Findings also show that marketers struggle with advancing their search programs. Wilks believes it is more of an organizational struggle, as more companies think about omnichannel campaigns. The study found that 52% of marketers cite cross-media attribution as one of their top three challenges in budget allocation, and 53% cite a lack of data to inform their strategies.
Perhaps this is because media planners grew up with television and print advertisements, and not all realize that search aligns well with both. "Search lacks a prominent seat at the planning table, although it’s a primary source for consumers to find information," Wilk said.
Budgets are determined without someone on the brand's search team present, said Kerry Curran, senior partner and managing director of marketing integration at Catalyst/GroupM. "The search team needs to have a seat at the table early on when the media is being allocated, creative briefs put out, and the media team starts thinking about how they will connect with the target audience," she said.
Marketers often don't think about aligning search with TV media or display and video. Curran pointed to numerous Catalyst case studies where brands have seen an increase of impressions in other channels based on paid-search campaigns. "It's clearly evident in search spikes after a brand runs a Super Bowl ad," she said. "If you look at the search volume around branded terms of any of the companies running ads during the Super Bowl, you see search spikes in brand queries during the subsequent days."
Curran said the company also works with conquesting, where brands run ads or content online adjacent to editorial content related to the competitor or its products. Paid-search ads were run against competitor keywords within 15 second of the competitor's commercial airing on broadcast television.
"By getting search a more prominent seat at the planning table, we're able to better amplify other media buys," Curran said.
Is this a throw back article? I will take some time to read the study - but are we joking with this: "it is often omitted from the media mix"???? Who omits Search from their media mix in this day and age... Or maybe, just maybe, after I read the study - it might be more specific to Bing being ommitted from the initial planning :)
Michael, Not from the mix. The report says from the initial budget planning. And just because you don't omnit it, it doesn't mean everyone does. And, it doesn't mean everything ties search to television or other media such as video and display, though I'm pretty sure that display trend began about five or more years ago for most companies. The report is just trying to show how search amplifies other media, especially the media that runs offline.
We have been aligning our search ads and terms with our ciients other digital and traditional media for years. It provides better synergy.
Awesome, Virginia, thank you for posting. Anyone else?

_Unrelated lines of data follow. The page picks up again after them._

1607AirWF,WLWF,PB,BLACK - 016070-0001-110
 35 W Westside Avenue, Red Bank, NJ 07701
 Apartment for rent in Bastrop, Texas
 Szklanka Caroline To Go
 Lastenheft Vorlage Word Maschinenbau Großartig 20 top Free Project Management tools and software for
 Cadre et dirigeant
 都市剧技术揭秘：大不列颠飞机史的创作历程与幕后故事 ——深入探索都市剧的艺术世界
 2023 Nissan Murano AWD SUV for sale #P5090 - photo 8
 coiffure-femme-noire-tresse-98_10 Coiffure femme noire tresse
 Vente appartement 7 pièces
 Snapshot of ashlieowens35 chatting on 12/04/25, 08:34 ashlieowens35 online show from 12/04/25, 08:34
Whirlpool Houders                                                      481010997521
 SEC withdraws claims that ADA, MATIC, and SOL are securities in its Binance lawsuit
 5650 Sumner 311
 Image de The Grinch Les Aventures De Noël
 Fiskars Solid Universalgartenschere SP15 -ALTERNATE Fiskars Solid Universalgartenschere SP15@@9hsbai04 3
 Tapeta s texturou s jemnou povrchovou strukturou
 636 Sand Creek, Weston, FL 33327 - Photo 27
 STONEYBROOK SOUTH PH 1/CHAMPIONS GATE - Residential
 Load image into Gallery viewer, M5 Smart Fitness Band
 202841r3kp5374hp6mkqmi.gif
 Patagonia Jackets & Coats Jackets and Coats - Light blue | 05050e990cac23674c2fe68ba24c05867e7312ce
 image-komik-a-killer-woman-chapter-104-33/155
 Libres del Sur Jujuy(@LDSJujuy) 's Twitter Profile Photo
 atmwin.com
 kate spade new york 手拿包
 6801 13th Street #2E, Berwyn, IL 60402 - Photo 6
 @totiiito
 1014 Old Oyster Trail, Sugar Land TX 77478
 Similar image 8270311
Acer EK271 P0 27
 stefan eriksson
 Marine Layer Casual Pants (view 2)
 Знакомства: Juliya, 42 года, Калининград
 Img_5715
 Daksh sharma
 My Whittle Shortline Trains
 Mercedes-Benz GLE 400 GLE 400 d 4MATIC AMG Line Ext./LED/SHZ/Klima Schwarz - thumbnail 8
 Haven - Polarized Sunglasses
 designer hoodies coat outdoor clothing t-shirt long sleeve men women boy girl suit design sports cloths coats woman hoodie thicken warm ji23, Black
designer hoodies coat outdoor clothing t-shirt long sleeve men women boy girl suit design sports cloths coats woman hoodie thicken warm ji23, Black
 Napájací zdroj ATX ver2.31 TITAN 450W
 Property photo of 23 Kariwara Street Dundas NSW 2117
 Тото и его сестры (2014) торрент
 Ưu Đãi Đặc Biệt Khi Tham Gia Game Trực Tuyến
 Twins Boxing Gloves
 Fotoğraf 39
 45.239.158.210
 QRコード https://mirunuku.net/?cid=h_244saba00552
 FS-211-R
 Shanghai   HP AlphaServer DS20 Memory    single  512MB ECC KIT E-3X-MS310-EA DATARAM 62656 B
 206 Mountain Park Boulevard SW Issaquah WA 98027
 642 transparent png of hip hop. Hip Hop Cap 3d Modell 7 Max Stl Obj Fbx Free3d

No - I get that Laurie... But I'm still dumbfounded that there wouldn't be a budget for Search in the initial planning phase. The only gray area I still find is how much more budget should be aligned with the launch of particular initiatives. For example, like they state - if there's a Super Bowl ad, you can rest assured that your normal brand search volume will go through the roof - so it's difficult to allocate budget in that fashion - but the fact there's a study that says people aren't initially budgeting in their planning blows my mind. This is not a new medium, and there's been correlation studies dating back to 2006. So I'm struggling with the notion that this is not happening.
Can't speak for others, but personally, I've moved my agency well beyond planning into dynamic spending. Planning is one thing; being able to move client budget around as the data indicates one should from channel to channel is the diggity. We no longer look at a budget as a fixed "thing." It's simply a moment in time that can and should move as the consumer moves through his or her daily life from device to network to program or content type. You've got to be able to trade or shift spending on a dime as the data indicates. And, yes, having these teams all sitting together and sharing opportunities without budgetary fiefdoms is the only way I can see doing it successfully.
Agreed Andrew, that's how we've been doing it for years as well... I think to Lauries point - this is the most difficult thing to factor in then. If shops already aren't planning for search with initial budgets, then there's no way they can keep up with anything other than a set it and forget it mentality. So something like what we do where the budgets are moving daily, that just wouldn't work with a company who needs fixed plans - and the reality is, as education levels in the industry have been improving, people are realizing that their marketing has to be as flexible as the medium. So everyone will get there at some point. But this article still astonishes me that while you and are are talking dynamic budgets, there are people that aren't even budgeting for it.
It all depends on who and which function is involved. A pure branding campaign---such as is usually seen on TV and in magazines--- may be handled by a branding shop with demonstrated expertise in this area while search is handled by a specialist agency---or directly by the client---and is not part of the national branding effort---though one would expect it to be complimentary and so coordinated by brand management. It is unrealistic to expect advertisers and agencies to totally reorganize themselves and retrain most of their execs so every facet involved in their branding, targeting and promotional activities are handled by the same people. That's just not going to work as the value, knowledge and career paths of the various functions do not lead in the same directions. What's really needed is far better coordination---which is often lacking---on the client side in order to take the fullest advantage of the skill sets of the various agencies and professional staffs.